Berlomba Mencintai Nabi


Masih ingatkanh sebuah potongan ayat tentang ajakan berlomba di dalam Al-Qur’an? Sependek pengetahuan saya, ayatnya di dalam Surat Al Baqarah yakni “fastabiqul khairat”. Maka berlombalah dalam kebaikan. Berlomba untuk mendapatkan hadiah dari Allah. Hadiahnya hadiah spesial, bisa jadi uang tunai yang disegerakan di dunia atau uang tunai di akhirat. Uang ajaib yang berwujud segala keindahan dan kesempurnaan kelak, itulah surga. Dambaan kita semua.

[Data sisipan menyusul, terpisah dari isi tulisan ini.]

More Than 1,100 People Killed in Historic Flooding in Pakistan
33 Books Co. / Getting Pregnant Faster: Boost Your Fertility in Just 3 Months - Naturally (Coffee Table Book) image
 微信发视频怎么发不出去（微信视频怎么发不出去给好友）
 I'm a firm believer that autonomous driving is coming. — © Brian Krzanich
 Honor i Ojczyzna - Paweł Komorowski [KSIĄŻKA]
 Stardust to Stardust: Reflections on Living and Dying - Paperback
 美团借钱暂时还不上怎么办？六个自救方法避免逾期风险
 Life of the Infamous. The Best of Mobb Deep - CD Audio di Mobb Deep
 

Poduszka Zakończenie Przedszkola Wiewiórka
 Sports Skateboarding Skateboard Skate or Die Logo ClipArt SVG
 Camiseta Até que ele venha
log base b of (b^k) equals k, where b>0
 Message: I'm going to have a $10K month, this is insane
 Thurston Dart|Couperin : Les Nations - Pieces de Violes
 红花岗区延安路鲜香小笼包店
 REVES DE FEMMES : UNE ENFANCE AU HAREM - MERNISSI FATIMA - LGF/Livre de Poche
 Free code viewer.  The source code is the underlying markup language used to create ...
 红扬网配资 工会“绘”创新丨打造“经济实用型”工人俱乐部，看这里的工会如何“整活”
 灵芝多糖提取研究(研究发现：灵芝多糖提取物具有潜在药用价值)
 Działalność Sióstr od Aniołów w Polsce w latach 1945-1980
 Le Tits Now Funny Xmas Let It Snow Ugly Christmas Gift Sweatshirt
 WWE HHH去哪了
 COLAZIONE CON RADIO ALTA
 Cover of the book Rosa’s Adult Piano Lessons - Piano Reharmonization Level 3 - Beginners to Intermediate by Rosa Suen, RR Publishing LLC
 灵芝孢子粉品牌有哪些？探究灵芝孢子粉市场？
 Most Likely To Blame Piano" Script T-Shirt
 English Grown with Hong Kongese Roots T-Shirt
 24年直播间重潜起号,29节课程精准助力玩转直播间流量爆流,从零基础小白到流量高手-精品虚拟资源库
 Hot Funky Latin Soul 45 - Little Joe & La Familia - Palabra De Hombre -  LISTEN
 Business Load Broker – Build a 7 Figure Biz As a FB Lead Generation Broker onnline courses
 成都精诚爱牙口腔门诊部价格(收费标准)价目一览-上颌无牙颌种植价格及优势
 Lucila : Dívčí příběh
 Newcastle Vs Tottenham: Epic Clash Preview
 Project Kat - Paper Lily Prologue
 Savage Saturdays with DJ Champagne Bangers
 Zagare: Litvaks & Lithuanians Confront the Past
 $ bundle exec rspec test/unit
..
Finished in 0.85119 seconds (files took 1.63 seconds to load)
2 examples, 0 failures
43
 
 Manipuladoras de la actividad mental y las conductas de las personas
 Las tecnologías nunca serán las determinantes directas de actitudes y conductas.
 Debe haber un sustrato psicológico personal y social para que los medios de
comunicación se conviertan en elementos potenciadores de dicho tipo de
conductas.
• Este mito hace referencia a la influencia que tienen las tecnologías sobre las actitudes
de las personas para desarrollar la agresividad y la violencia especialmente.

Tentu kita tidak terlalu lupa bahwa belum lama ini kita sibuk memperingati Maulid Nabi Muhammad SAW. Inti dari pesan agenda mulia itu adalah agar umat mencintai Nabi. Sebaik-baik kecintaan adalah kecintaan kepada Allah. Kecintaan kepada Allah harus dibuktikan dengan kecintaan kepada Nabi yakni dengan mengikuti risalah yang telah dibawa oleh Nabi.

Beberapa waktu lalu saya mendengar pesan Maulid hanya sebatas kecintaan melalui shalawat. Ini memang tidak salah, tidak salah! Tetapi jika kecintaan itu hanya genap di situ saja maka akan berujung pada sebuah kesalahan besar. Mencintai Nabi tidak hanya asal shalawat, tidak hanya ucapan di bibir, ribuan kalimat shalawat yang telantun akan sia-sia jika itu hanya sebatas seremonial bibir, lidah, dan mulut belaka. Saya tidak mengatakan bahwa shalawat tidak perlu, bukan itu maksud saya. Malah dalam sehari, mungkin saya lebih banyak bershalawat dari pada jumlah yang dipikirkan oleh pembaca. Shalawat tetaplah jalan, tetaplah dijadikan amal, tetapi puncak amal tidak hanya sampai di situ.

Kecintaan sejati kepada Nabi adalah dengan melakukan pekerjaan-pekerjaan Nabi yang masih ‘terbengkalai’. Saya menyebutnya agak ekstrim, terbengkalai. Meskipun banyak yang tidak sepakat dengan hal ini. Terbengkalai maksudnya bukan berarti bahwa saya mengevaluasi pekerjaan Nabi belum beres di atas dunia, tidak demikian. Terbengkalai dalam arti bahwa adanya masalah yang berkesinambungan yang menjadi PR bagi kita semua umat Nabi. Masalah keumatan itu atara lain seperti aqidah umat yang belum lurus, akhlaq umat yang jauh dari tuntunan Islam, ibadah yang tidak disiplin. Jika berdiam diri dengan hal ini, apakah kita layak disebut sebagai orang yang sudah cinta Nabi?

Dakwah adalah pekerjaan kita bersama yang diwariskan Nabi kepada kita. Pekerjaan paling mudah untuk mencintai Nabi adalah dakwah, tidak hanya asal shawalat. Sebab itu amat sangat terlalu “mudah”. Dengan berdakwah, maka secara otomatis kita telah mengikuti kegiatan Nabi semasa hidupnya. Dengan berdakwah berarti kita telah melakukan pekerjaan-pekerjaan Nabi yang ingin dilakukannya seandainya saja umurnya masih panjang, dengan kata lain bahwa dakwah adalah pekerjaan warisan dari Nabi untuk kita semua para umatnya.

Dengan dakwah maka cinta kita kepada Nabi lebih kuat dan lebih berwujud nyata, dakwahnya tak hanya sebatas kata-kata. Dakwah adalah aktif memperbaiki umat, mencegah kemungkaran dan menganjurkan mereka mengerjakan kebaikan dengan ucapan dan keteladanan yang terbaik dari sisi pendakwah (da’i). Siapa yang tidak percaya diri untuk berdakwah dan belum ingin agar dirinya disebut sebagai pendakwah maka itu berarti pula bahwa ia tidak percaya diri mencintai Nabi dan mengikuti Nabi. Sebab itu, tidak ada pilihan lain selain harus berdakwah. Kita harus berdakwah!